Given data:
• • • • •

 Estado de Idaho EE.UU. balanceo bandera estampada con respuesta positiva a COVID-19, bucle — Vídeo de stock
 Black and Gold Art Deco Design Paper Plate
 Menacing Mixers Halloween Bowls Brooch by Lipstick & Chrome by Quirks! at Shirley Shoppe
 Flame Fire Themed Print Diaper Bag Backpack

• • • • •

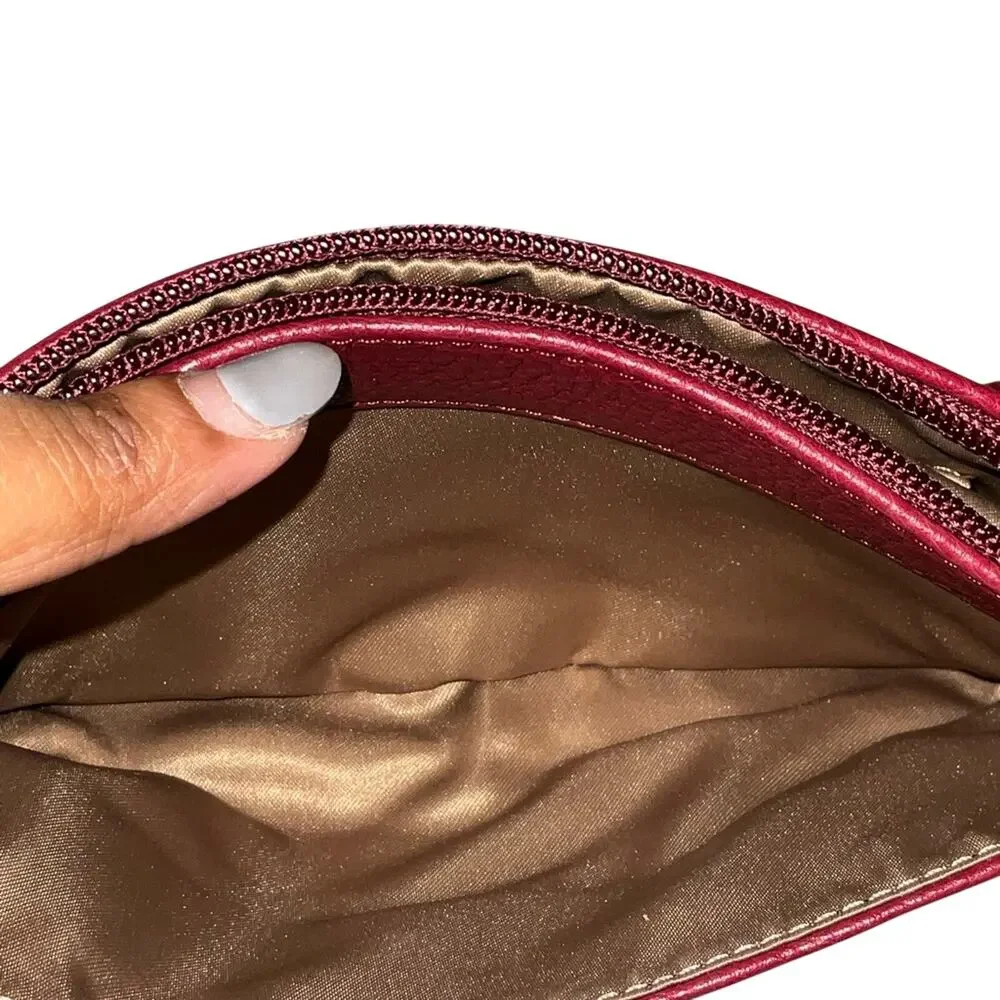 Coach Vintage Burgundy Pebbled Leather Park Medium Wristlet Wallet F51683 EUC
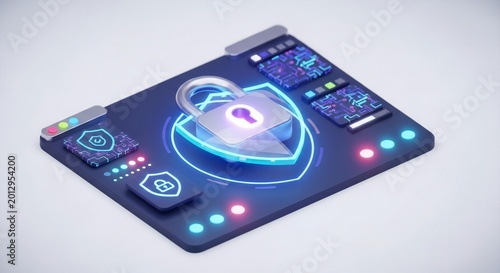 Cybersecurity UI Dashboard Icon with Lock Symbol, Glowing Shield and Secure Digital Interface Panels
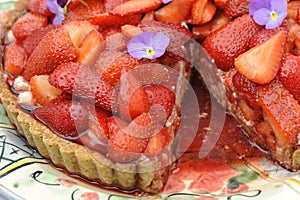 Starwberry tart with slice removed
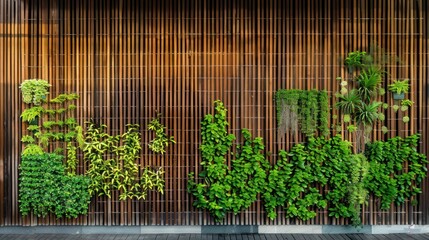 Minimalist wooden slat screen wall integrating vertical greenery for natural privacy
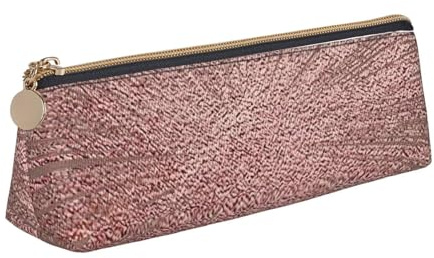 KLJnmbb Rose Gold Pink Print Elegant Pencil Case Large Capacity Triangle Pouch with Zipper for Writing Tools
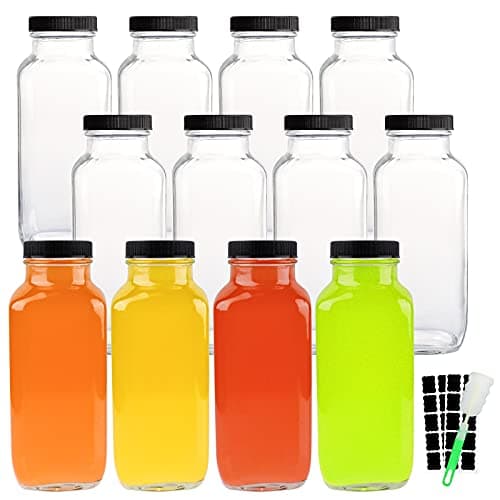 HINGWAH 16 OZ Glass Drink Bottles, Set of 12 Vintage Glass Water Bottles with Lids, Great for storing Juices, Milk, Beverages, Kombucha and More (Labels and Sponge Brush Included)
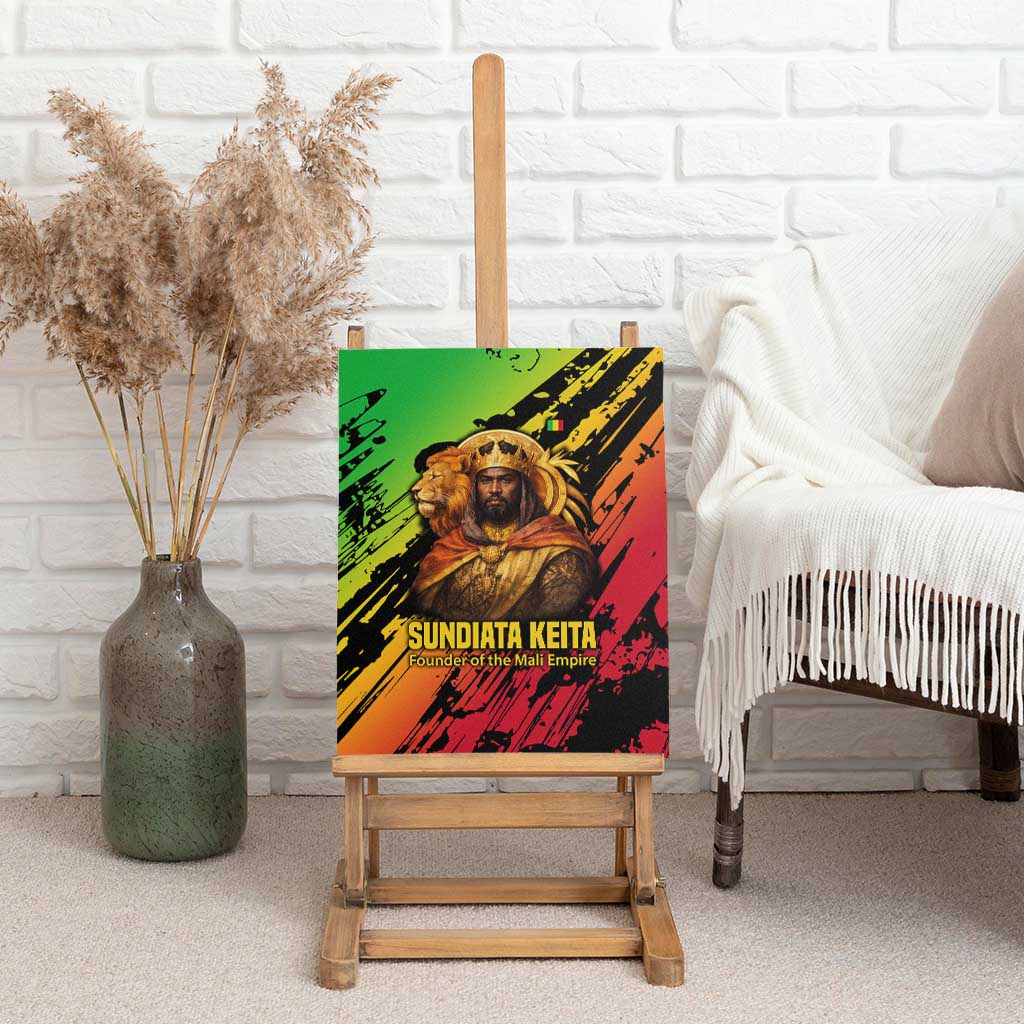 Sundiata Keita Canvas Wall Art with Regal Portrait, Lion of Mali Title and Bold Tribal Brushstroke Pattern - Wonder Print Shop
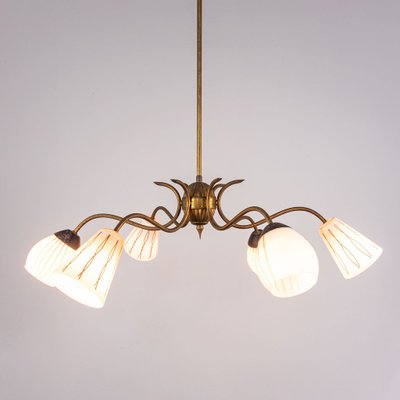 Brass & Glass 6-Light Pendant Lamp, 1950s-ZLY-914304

• • • • •

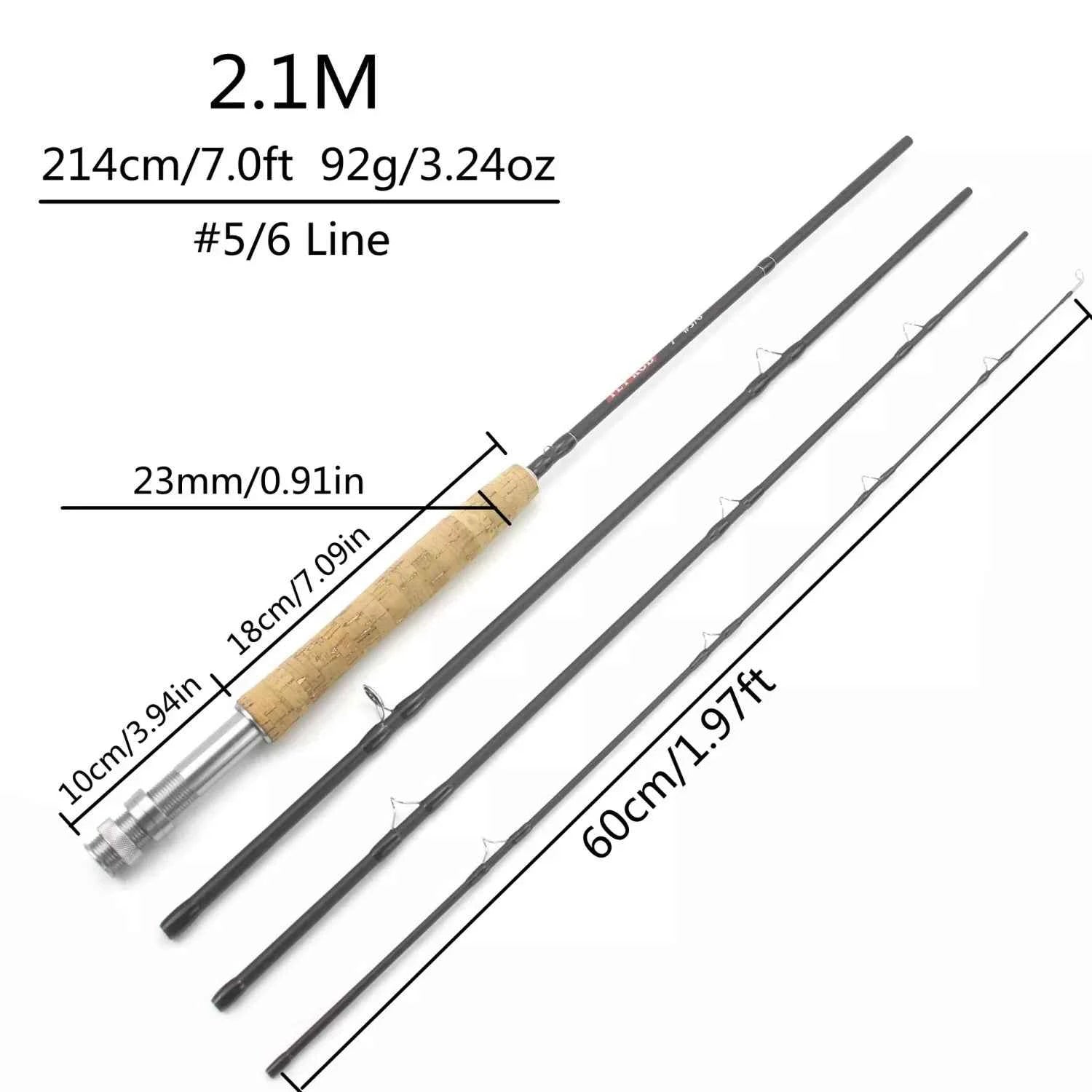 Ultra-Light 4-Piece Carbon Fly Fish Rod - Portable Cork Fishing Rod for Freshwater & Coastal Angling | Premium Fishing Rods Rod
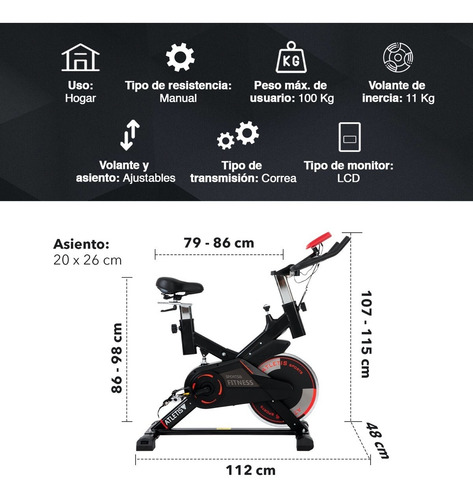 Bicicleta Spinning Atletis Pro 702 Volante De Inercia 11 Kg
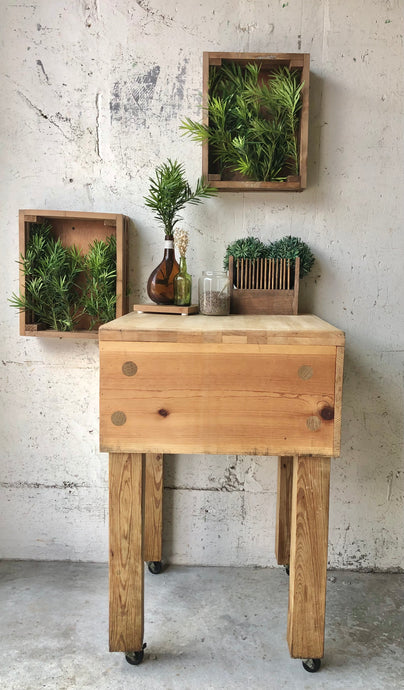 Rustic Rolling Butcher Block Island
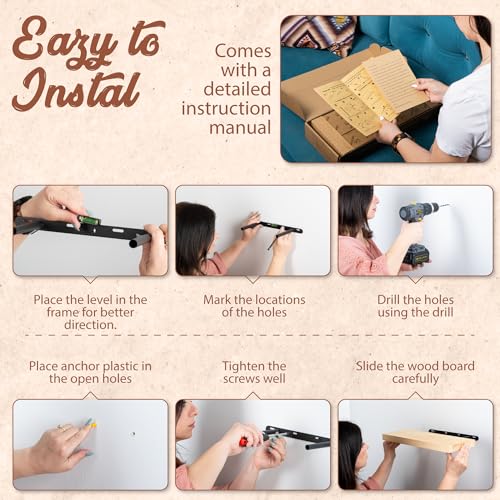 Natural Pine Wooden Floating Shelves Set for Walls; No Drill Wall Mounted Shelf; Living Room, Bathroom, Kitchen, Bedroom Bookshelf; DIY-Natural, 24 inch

• • • • •

Description of the task:
What's needed is an exact copy of the records above from the line containing "Minimalist wooden slat" down to the line containing "Brass & Glass", both included, without any pictures.

Answer box:
 Minimalist wooden slat screen wall integrating vertical greenery for natural privacy
 KLJnmbb Rose Gold Pink Print Elegant Pencil Case Large Capacity Triangle Pouch with Zipper for Writing Tools
 HINGWAH 16 OZ Glass Drink Bottles, Set of 12 Vintage Glass Water Bottles with Lids, Great for storing Juices, Milk, Beverages, Kombucha and More (Labels and Sponge Brush Included)
 Sundiata Keita Canvas Wall Art with Regal Portrait, Lion of Mali Title and Bold Tribal Brushstroke Pattern - Wonder Print Shop
 Brass & Glass 6-Light Pendant Lamp, 1950s-ZLY-914304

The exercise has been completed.